Available cpus where this hctx can run.

>  	cpumask_var_t		cpumask;
> +	/**
> +	 * @next_cpu: Index of CPU/workqueue to be used in the next batch
> +	 * of workers.
> +	 */
>  	int			next_cpu;
> +	/**
> +	 * @next_cpu_batch: Counter of how many works letf in the batch before
> +	 * changing to the next CPU. A batch has the size
> +	 * of BLK_MQ_CPU_WORK_BATCH.
> +	 */
>  	int			next_cpu_batch;
>  
> -	unsigned long		flags;		/* BLK_MQ_F_* flags */
> +	/** @flags: BLK_MQ_F_* flags. Define the behaviour of the queue. */
> +	unsigned long		flags;
>  
> +	/** @sched_data: Data to support schedulers. */
>  	void			*sched_data;
> +	/** @queue: Queue of request to be dispatched. */
>  	struct request_queue	*queue;

Maybe "the request queue this hctx belongs to"
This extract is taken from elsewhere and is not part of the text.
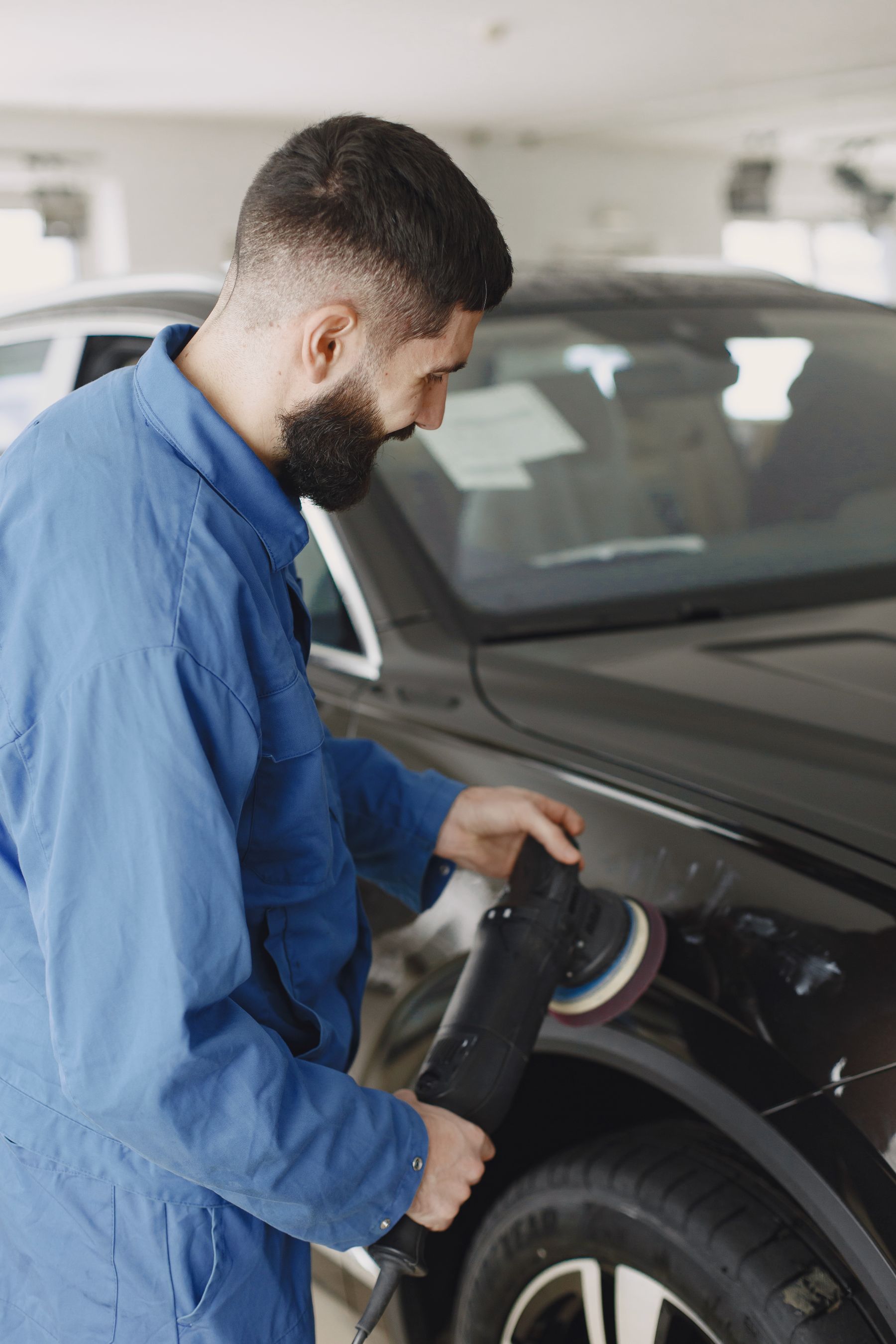 Mechanic in uniform polishing a car body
> +	/** @fq: Queue of requests to be flushed from memory to storage. */
>  	struct blk_flush_queue	*fq;

Hmm, i think this needs clarification.
>  
> +	/**
> +	 * @driver_data: Pointer to data owned by the block driver that created
> +	 * this hctx
> +	 */
>  	void			*driver_data;
>  
> +	/**
> +	 * @ctx_map: Bitmap for each software queue. If bit is on, there is a
> +	 * pending request.
> +	 */
>  	struct sbitmap		ctx_map;
>  
> +	/**
> +	 * @dispatch_from: Queue to be used when there is no scheduler
> +	 * was selected.
> +	 */

"when there is no scheduler selected" or "when no scheduler was selected"

>  	struct blk_mq_ctx	*dispatch_from;
> +	/**
> +	 * @dispatch_busy: Number used by blk_mq_update_dispatch_busy() to
> +	 * decide if the hw_queue is busy using Exponential Weighted Moving
> +	 * Average algorithm.
> +	 */
>  	unsigned int		dispatch_busy;
>  
> +	/** @type: HCTX_TYPE_* flags. Type of hardware queue. */
>  	unsigned short		type;
> +	/** @nr_ctx: Number of software queues. */
>  	unsigned short		nr_ctx;
> +	/** @ctxs:	Array of software queues. */
>  	struct blk_mq_ctx	**ctxs;
>  
> +	/** @dispatch_wait_lock: Lock for dispatch_wait queue. */
>  	spinlock_t		dispatch_wait_lock;
> +	/**
> +	 * @dispatch_wait: Waitqueue for dispatched requests. Request here will
> +	 * be processed when percpu_ref_is_zero(&q->q_usage_counter) evaluates
> +	 * true for q as a request_queue.
> +	 */

That's not really useful, since it is stating what the code does.  It
would be interesting to say why this is needed, i.e. to re-run the queue
and dispatch requests if the queue was full in the previous attempt.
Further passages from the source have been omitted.